Palestine Action is part of Britain's proud history of protest. Proscribing it is an assault on democracy

The Guardian9 hours ago

The facts are not disputed. On 20 June, two activists spray-painted two RAF Voyager aircraft at Brize Norton, where flights regularly leave for RAF Akrotiri in Cyprus. No person inside the compound was harmed.
At worst, these actions may amount to offences around criminal damage and trespass. The former justice secretary Lord Falconer has stated that the action at Brize Norton would not justify outlawing the group.
But that is exactly what is happening. The home secretary's decision to proscribe Palestine Action and to lay an order so swiftly in parliament on Monday will be viewed as a dangerous acceleration to authoritarianism.
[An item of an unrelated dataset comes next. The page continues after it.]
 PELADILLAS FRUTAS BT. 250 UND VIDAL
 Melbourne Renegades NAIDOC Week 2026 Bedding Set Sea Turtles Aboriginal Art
This means the full weight of the British anti-terrorism state apparatus, including its coercive elements, will be deployed against Palestine Action's leaders and potentially thousands of young British supporters, with devastating consequences for their futures.
The actions used by Palestine Action are not new. They follow a tradition of protest that has been instrumental to civil rights movements throughout history. Indeed, these actions have shaped modern Britain and enriched democratic participation globally.
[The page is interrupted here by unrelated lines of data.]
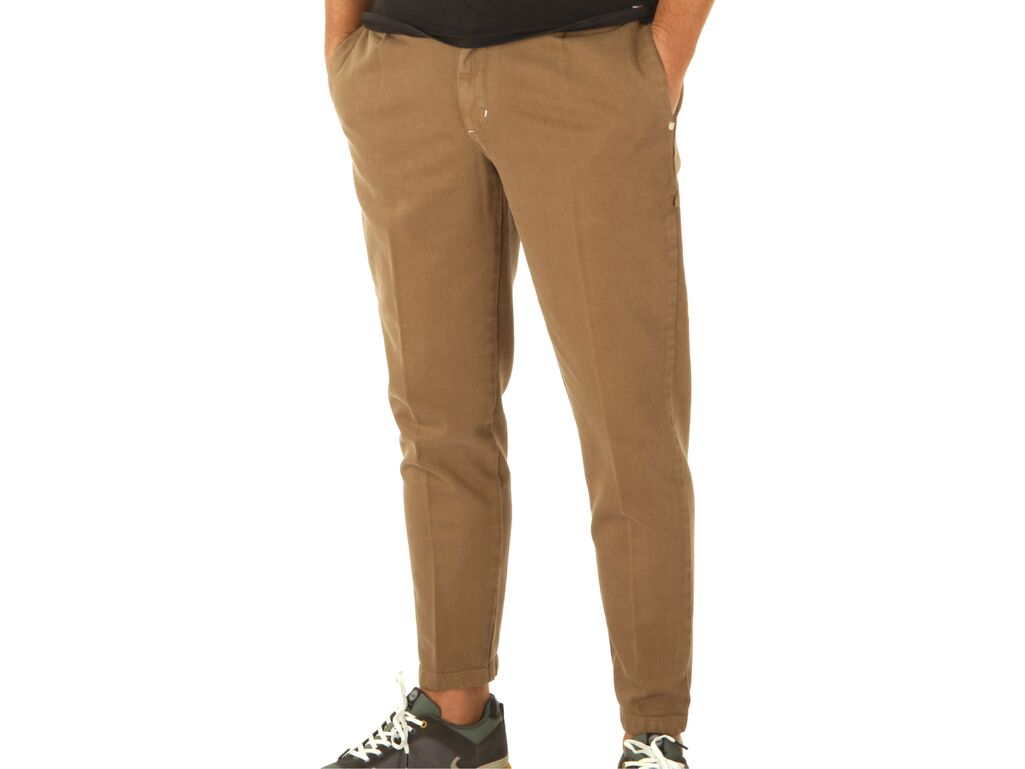  Pantalone Drill Cammello - Pantaloni uomo Berna. Disponibile in diverse taglie: 46, 48, 44 e colori marrone chiaro. YOUSPORTY.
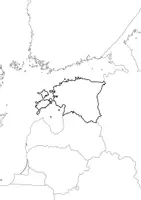 Vorschau - Arbeitsblätter - Landkartre von Estland stumme Karte mit Umrissen der Nachbarländer - Seite 3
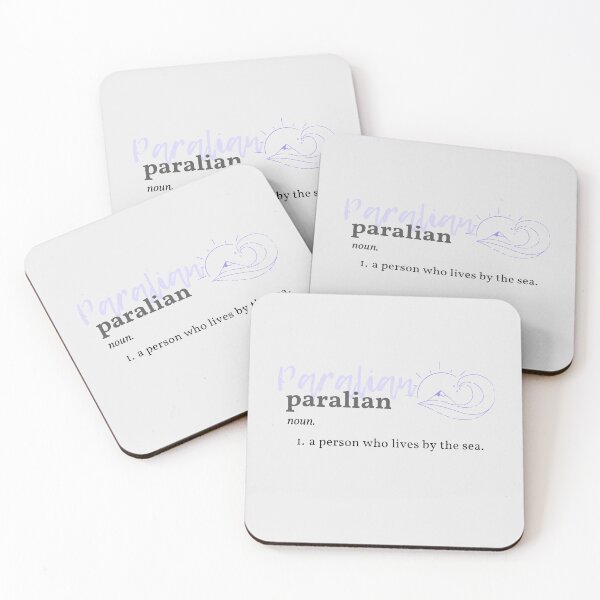 Item preview, Paralian - noun.  A Person Who Lives by the Sea Word Design by Christie Olstad designed and sold by Christie Olstad.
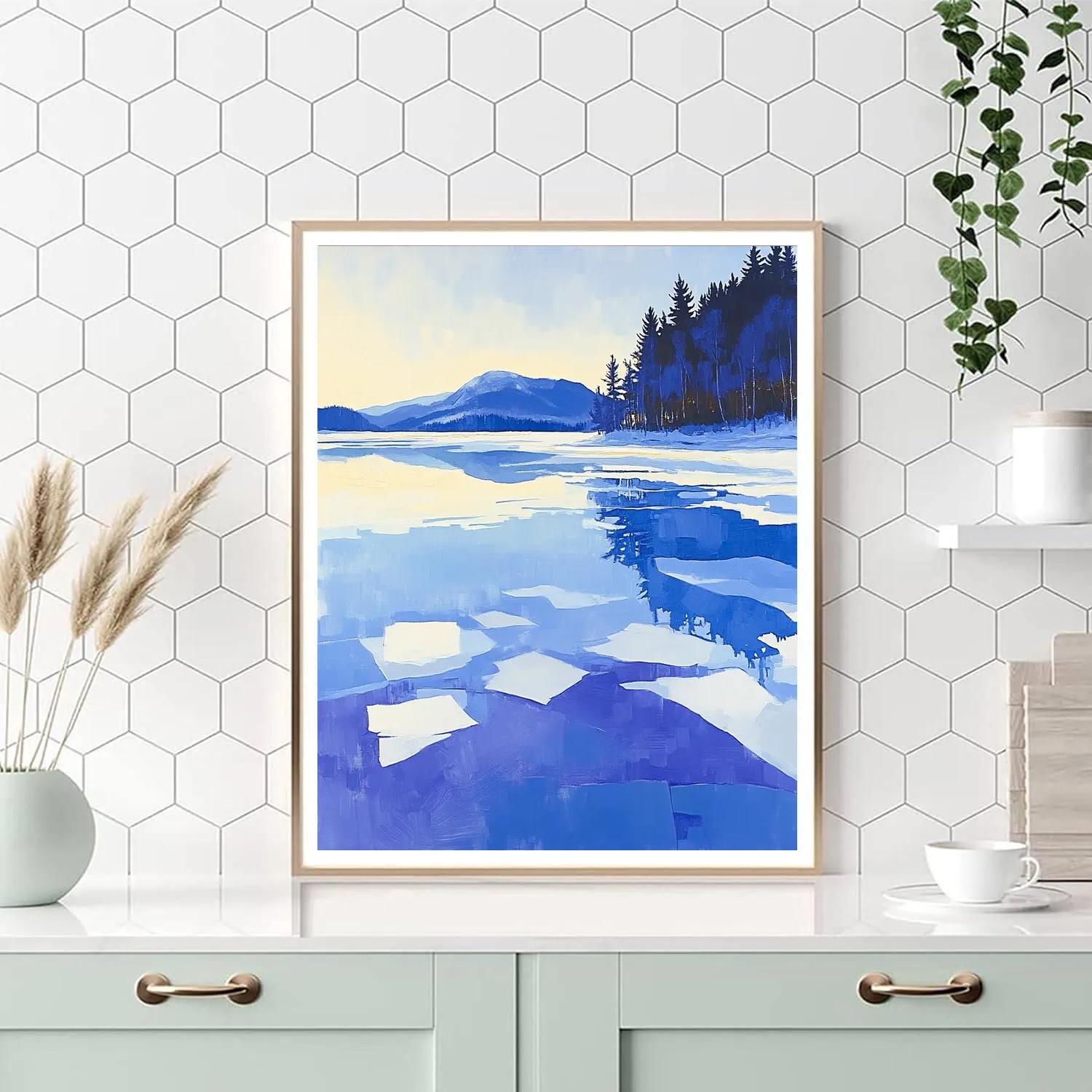 Lawren Harris Inspired Arctic Mirror Lake painting number kit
As a veteran anti-racist civil rights campaigner, for nearly five decades, I continue to support scores of families seeking justice. These have included the families of Blair Peach, Stephen Lawrence, Zahid Mubarek and Victoria Climbié, who were not only traumatised by the way their loved ones were killed but faced a litany of institutional failures.
During every campaign, we faced politicians who ignored or played down our lived experiences blighted by violent and state racism. They also chose to ignore the more subdued and normalised forms of protest that we organised. We were compelled to find creative ways to get the urgency of their message across.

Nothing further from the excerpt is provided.